* Try it
Output only the lines that run from the line holding "connie maheswaran age" to the end of the data below, including both ends, without any pictures.

**** Records supplied

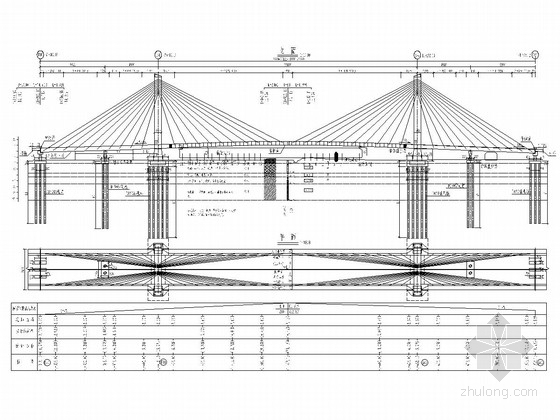 半漂浮体系斜拉桥资料下载-半漂浮体系主跨220m双塔双索面斜拉桥设计套图（156张）
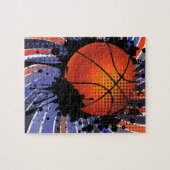 Basketball-bal op Rays-achtergrond 2 Legpuzzel (Horizontaal)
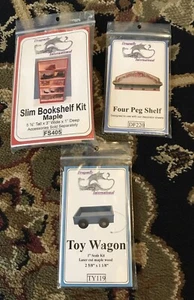 Miniature Dollhouse Bookshelf Kit Wagon Shelf Kits Dragonfly International - Picture 1 of 5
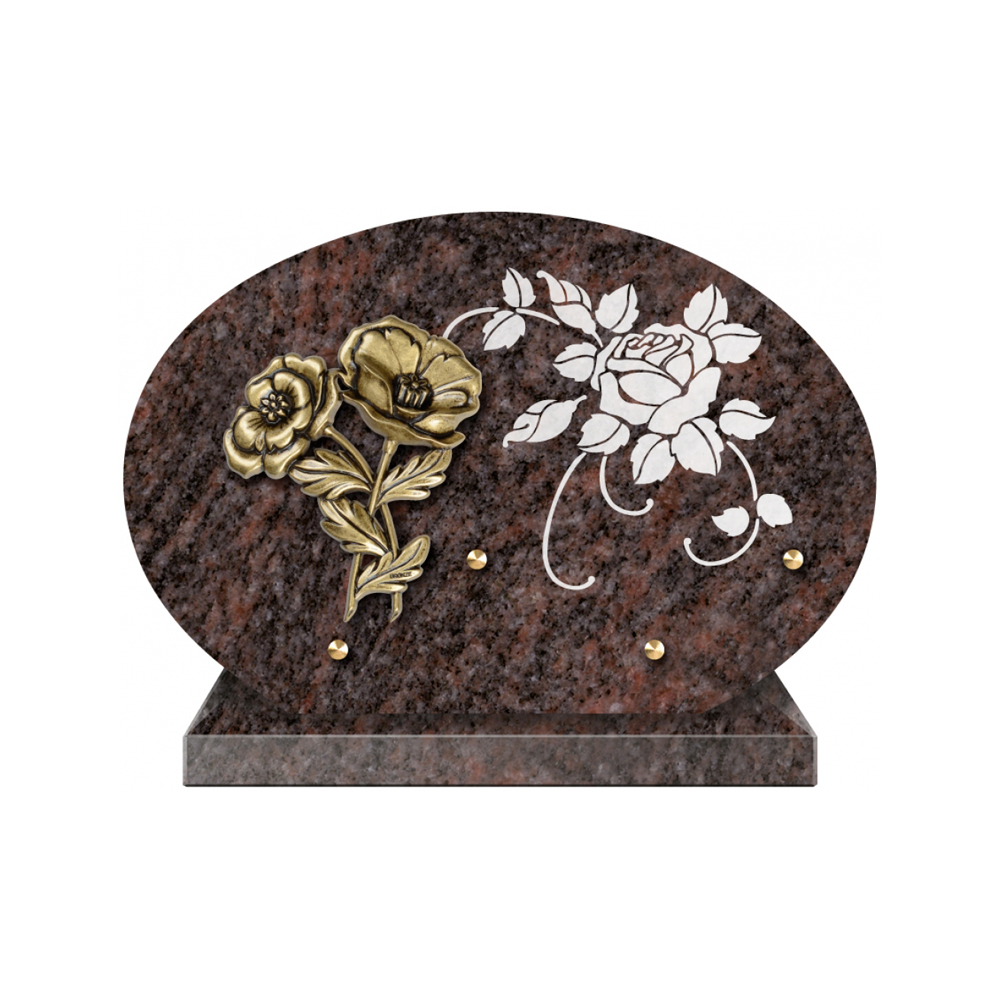 Plaque funéraire Forme 1 Granit Sablée Blanc 30x20 – Plaques Funéraires Créations® – vue complémentaire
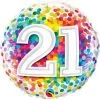 Anagram Balloons 18" Oaktree Rainbow Confetti 21st Birthday Foil Balloon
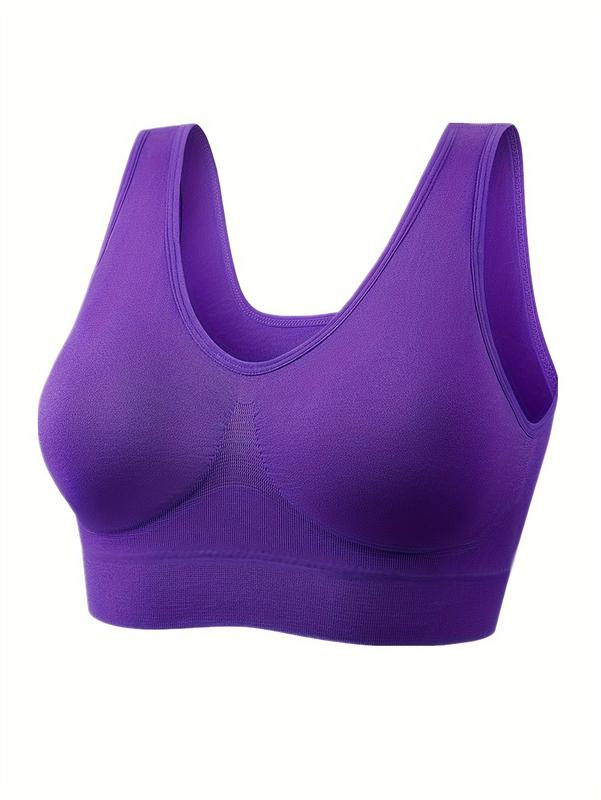 5PCs Plus Size Seamless Full Cover Sports Bra - Wireless, Backless, Medium Stretch, Solid Color, Pullover Fitness Tank Bra for Comfortable Workout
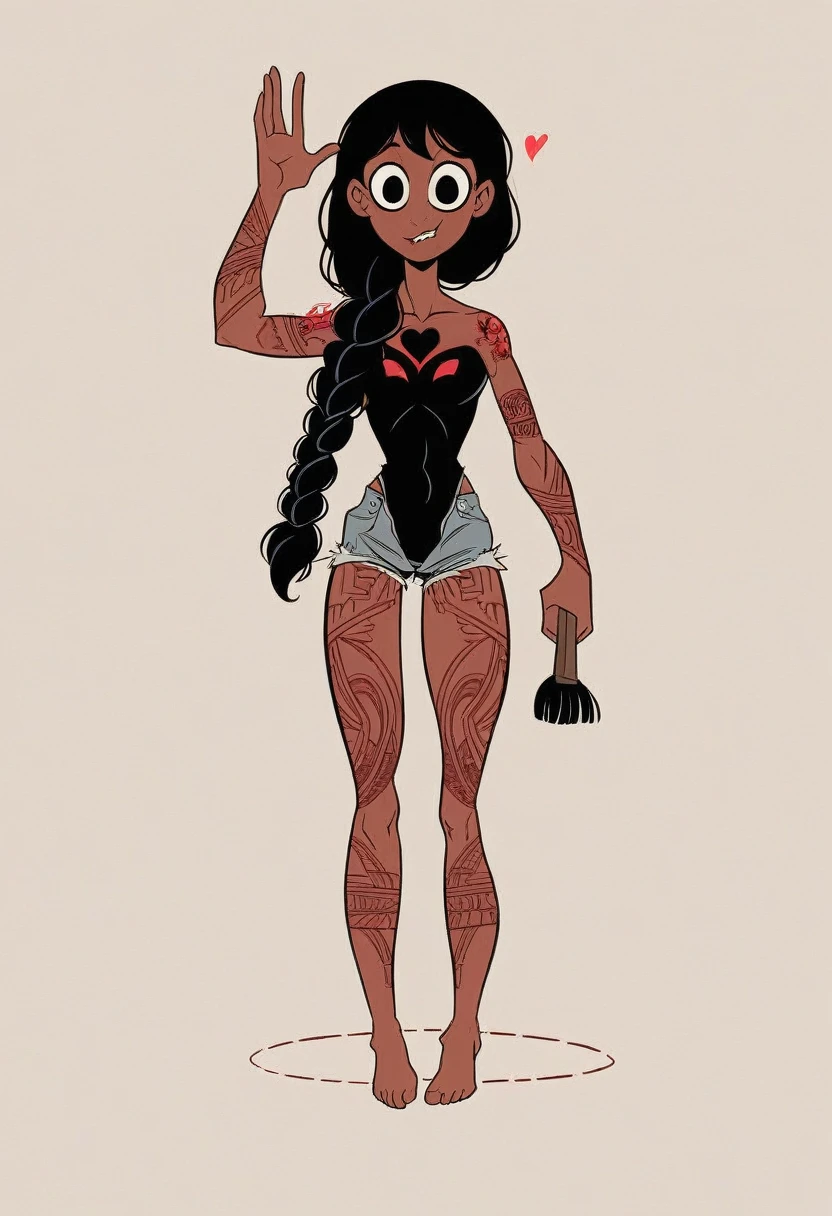 connie maheswaran age 25, ( extremely detailed CG, Mahagony-skinned female with dark Reddish-brown skin, black eyes, and phoenix back tattoo, wearing a full-body open back leotard, mini shorts with stars on the back pockets and a baret holding her black hair tight dragonbraid. strong , well-built, Perfect hourglass physique, amazing skin, strong oblong-shaped face, narrow convex hooked nose. strong, toned, wide heart hips,, biting lips enticingly, catching your eye, waving you closer to her). +( overlooking a coastal city with hands in her pockets,looking over her shoulder ,playful bottom hit) :+(view from behind, hd illustration, extreme long shot, rendered in Unreal Engine 5, hyper-realistic, , 128k, ultra - HD, intricate detail, super - res, webcomic animation, ink art, full-length portrait, wide-body shot, alluring aura and stare , ink art,Black ink,tattoo design outline, Lineart, brush art ,thin line animation, ultra-HD masterpiece, highest quality, highly detailed facial expressions,realistic expression, perfect piece, perfect prompt ,full length, best quality, intricately accurate facial and physical structure, intricately realistic expression and emotion, accurate colored complexion, accurate body anatomy, intricate bodypaint, complex hairstyles, intricate character detail, intricately expressive, intricate color design, complex emotions,) 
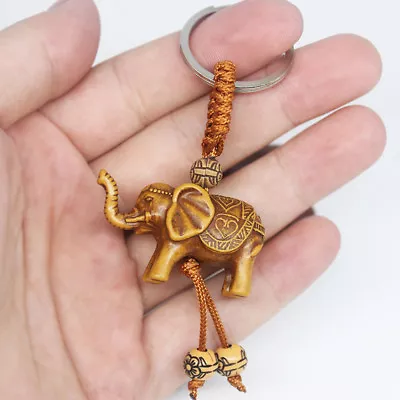 Lucky Wooden Elephant Carving Pendant Keychain Auto Key Ring Evil Defends Gift • $3.73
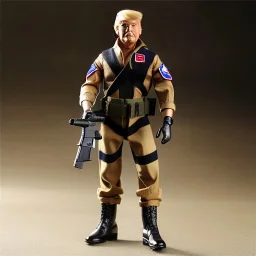 G.i. Joe toy camouflage doll spraytan Donald Trump face with boots full body in package high resolution 2019, in a box with gun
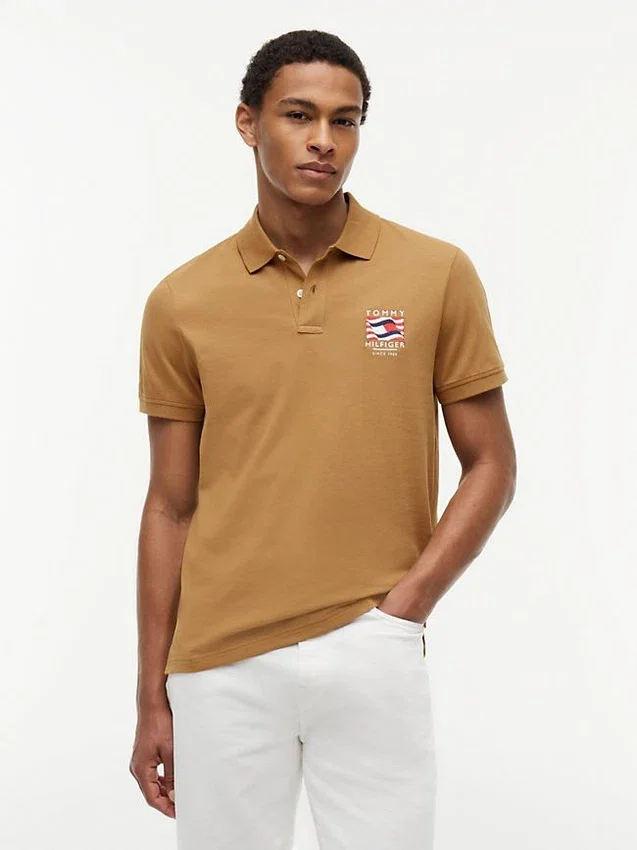 Regular Fit Wavy Flag Smooth Cotton Polo Regular Fit Wavy Flag Smooth Cotton Polo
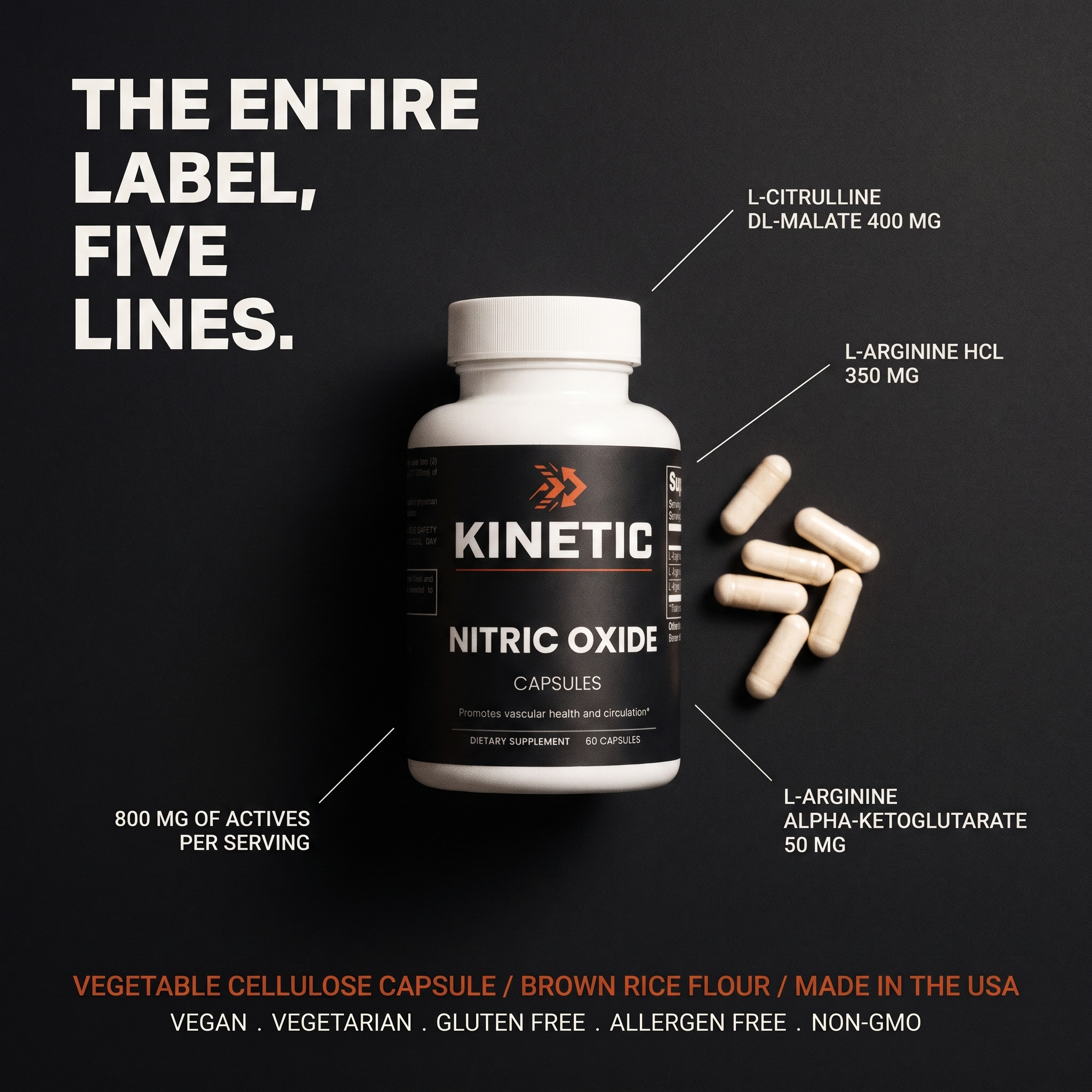 The entire label, five lines - label flat lay v1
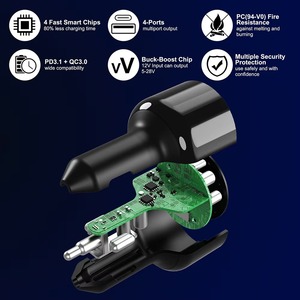 Cargador de Coche USB-C 3.1 de 240W, 4 Puertos, Multifunción, Carga Rápida PD 3.1 QC para Laptop y Teléfono - Product Image 2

********

* Task answer
 connie maheswaran age 25, ( extremely detailed CG, Mahagony-skinned female with dark Reddish-brown skin, black eyes, and phoenix back tattoo, wearing a full-body open back leotard, mini shorts with stars on the back pockets and a baret holding her black hair tight dragonbraid. strong , well-built, Perfect hourglass physique, amazing skin, strong oblong-shaped face, narrow convex hooked nose. strong, toned, wide heart hips,, biting lips enticingly, catching your eye, waving you closer to her). +( overlooking a coastal city with hands in her pockets,looking over her shoulder ,playful bottom hit) :+(view from behind, hd illustration, extreme long shot, rendered in Unreal Engine 5, hyper-realistic, , 128k, ultra - HD, intricate detail, super - res, webcomic animation, ink art, full-length portrait, wide-body shot, alluring aura and stare , ink art,Black ink,tattoo design outline, Lineart, brush art ,thin line animation, ultra-HD masterpiece, highest quality, highly detailed facial expressions,realistic expression, perfect piece, perfect prompt ,full length, best quality, intricately accurate facial and physical structure, intricately realistic expression and emotion, accurate colored complexion, accurate body anatomy, intricate bodypaint, complex hairstyles, intricate character detail, intricately expressive, intricate color design, complex emotions,) 
 Lucky Wooden Elephant Carving Pendant Keychain Auto Key Ring Evil Defends Gift • $3.73
 G.i. Joe toy camouflage doll spraytan Donald Trump face with boots full body in package high resolution 2019, in a box with gun
 Regular Fit Wavy Flag Smooth Cotton Polo Regular Fit Wavy Flag Smooth Cotton Polo
 The entire label, five lines - label flat lay v1
 Cargador de Coche USB-C 3.1 de 240W, 4 Puertos, Multifunción, Carga Rápida PD 3.1 QC para Laptop y Teléfono - Product Image 2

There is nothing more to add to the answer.